5.3 ヒトを特別なチンパンジーたらしめるもの

 
日本を代表する進化心理学者の1人として長谷川寿一の寄稿が置かれている.

  • 私は行動学(エソロジー)と動物認知を基盤に進化人類学と進化心理学の研究を進めてきた.研究上の興味は(1)霊長類と鳥類の配偶システム,配偶者選択(2)動物の認知(3)自閉症児の社会的認知(4)ヒトとチンパンジーの配偶システム,生活史,社会的認知の比較というところにある.
  • 進化心理学について強調しておきたいことの1つはヒトと他種との比較研究の重要性だ.特にヒトとチンパンジーの比較はヒト進化の理解する上で大きな意味を持つ.チンパンジー(とボノボの両種)から見ると,ゴリラではなくヒトが最も近縁な種になる.私の研究上の興味はすべて「何が我々を特別なチンパンジーにしているのか」という疑問から生まれたものだ.

 

  • 30年前に妻の長谷川眞理子とタンザニアのマハレでチンパンジーのフィールド研究を3年間行った.野生のチンパンジーを間近で見るという経験はその後ヒトを進化的な視点から理解するときのかけがえのない財産となった.
  • チンパンジー・ヒト系統群にだけ見られ.ほかの大型類人猿に見られない特徴を考えてみよう.それは狩り,肉食,オス集団の形成になる.集団で獲物を狩り,オス集団同士が時に殺し合い*1,政治を行う.
  • これらの特徴をもたらした淘汰圧については議論があるが,私は森林生活への適応だと考えている.対捕食者戦略とナワバリ防衛戦略によりオス集団が進化し,栄養供給の新たな手段として肉食が進化したのではないだろうか.
  • ではこの系統の中でのヒトの特徴は何か.それは(1)女性の結びつきの強さ(2)子どもの共同養育(3)社会脳だろう.ヒトは女性がグループで採集・調理・食事をし,閉経後の高齢女性を含めた共同繁殖を行い,他者を思いやり,他者と協力するチンパンジーなのだ.

 

  • いずれ進化心理学は認知神経科学と融合するだろう.それによりヒトの行動と認知の生物学的基盤がより明らかになり,ヒトの存在を分子,遺伝子,神経,行動,認知,進化適応すべてのレベルにおいて理解できるようになるだろう.多層的な研究の期待されるフロンティアの1つは色覚だ.さらなる進展が期待される分野は社会的認知,パーソナリティ,精神障害だろう.

 

  • 日本では自然生育地における霊長類研究の長い歴史があったので,ヒトの生物学的基盤に進化からアプローチすることについて(欧米とは異なり)社会から容易に受け入れられた.原理主義との争いの必要はなかった.アジアの一員として中国やほかのアジアの国々の仲間との意見交換が進む事を期待している.

 
コンパクトな寄稿の中に,チンパンジー・ヒト系統群の特徴と淘汰圧の推測,その中のヒトの特徴,進化心理学の将来展望,日本における進化心理学の現状と盛りだくさんの内容だ.


長谷川寿一の本

長谷川眞理子との共著.今でも日本語で読める進化心理学の入門書の最良の一冊であり続けている.

進化と人間行動

進化と人間行動


5.4 話すことと書くこと デヴィッド・ギアリー

 
ギアリーは1986年発達心理学で博士号を取り,認知,発達,進化心理,教育,医学など幅広い分野で研究を行っている.進化心理分野においては生活史と性淘汰を研究し,この知見を発達心理学の研究と統合することを試みている.その他一般知能の進化過程の解明と認知的モジュールの統合の試み,数学能力の発達,数学学習障害などにも取り組んでいる.

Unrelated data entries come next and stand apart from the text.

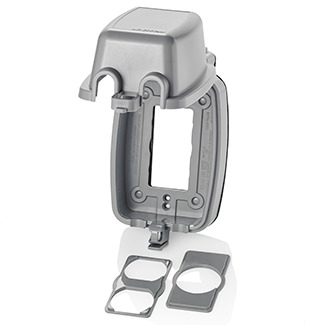 5980-UGY Extra Duty While-In-Use Cover, 3.63 in L x 6.69 in W x 3.08 in D, Weatherproof Cover, Polycarbonate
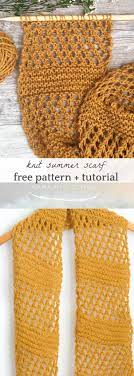 So here's a thin and lightweight scarf that's just right for the season. Honeycombs Summer Easy Scarf Knitting Pattern Mama In A Stitch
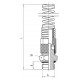 RECTO MACHO R.METRICA MUELLE 6/4 M12X1,5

  • ダーウィンの自然淘汰の原理は生物科学史上最重要なアイデアだ.私の興味は非常に多くの点でダーウィンが「人間の由来」において表明したものに似ている.ここでダーウィンはヒトの心の進化と性差の謎を扱っているのだ.
  • 認知過程やバイアスを研究する際に,進化の歴史を直接反映するものと文化や経緯に強く影響されるものの区別は重要だ.私は早くからこの区別を重視し,生物学的一次能力と生物学的二次能力として区別してきた.一次能力はヒトのあらゆる文化に見られ進化によって直接形成されたものだ.言語能力などがこれにあたる.これに対して二次能力は文化によって見られたり見られなかったりし,一次能力の基盤の上にしばしば公教育を通じて獲得されるものになる.代表的なものには識字能力がある.
  • 子どもは二次能力の獲得については,(一次能力と異なり)生得的な学習動機バイアスを持たない.そして二次能力を獲得するには努力してトップダウン処理に従事する必要があり,子どもにとって遙かに難しい課題になる.
  • このような作業をサポートするメカニズムは一体何者で,そのように進化したのだろうか.私の「The Origin of Mind」はこの疑問を取り上げた一冊だ.
  • 非常に重要な最初の課題は生物学的一次能力の分類法の確立だった.具体的には素朴心理学,素朴生物学,素朴物理学の各素朴領域を考えた.これが基盤システムになり,そこから二次能力が形成される.
  • 各素朴学は特定タイプの情報を処理するバイアスがかかっており,これらはモジュール能力であると言える.しかし同時に人類の進化過程においては関連情報の変動に対応することが重要であったこともあるはずで,これらの能力には一定の可塑性があると期待される.例えば顔認識システムにおいて親とそうでない他者の区別は重要になる.進化の帰結として制約の範囲内で調整可能な「柔らかなモジュール」が生まれるだろう.

 

  • しかしそれだけでは一般知能を説明できない.実証研究では二次能力の獲得を最もよく説明できるのは一般知能だった.
  • この課題に対しては,進化的に新奇な状況への対処を可能にしたメカニズムの特定から始めた.気候変動を重視する論者もいるが,私は社会の変動の方が重要だと考えた.
  • 私が提唱したのは,多様で変動する状況に人々が対処することを可能にする中核的メカニズムは自伝的メンタルモデルであるという説だ.これは自覚的注意に基づき,ワーキングメモリを使って形成される状況の心的表象だ.これにより過去や現在を想起し,未来のシミュレーションを行い,起こりうる複数の事態に対処する戦略を練れるようになる.
  • 社会的競争が脳と認知能力の進化を促し,ヒトはモジュール化した一次素朴能力と(ワーキングメモリ,一般知能,自己認識などの)それを担う認知メカニズムを獲得した.これらの進化的機能は,不確実である未来の状況を予測し,問題解決にあたることだ.
  • 続いて論文集「Educating the Evolved Mind」を出し,これらのメカニズムが生得的な動機バイアス,文化的歴史,学校教育とどう相互作用しているかを論じた.結果的に進化教育心理学分野の概説を書くことになった.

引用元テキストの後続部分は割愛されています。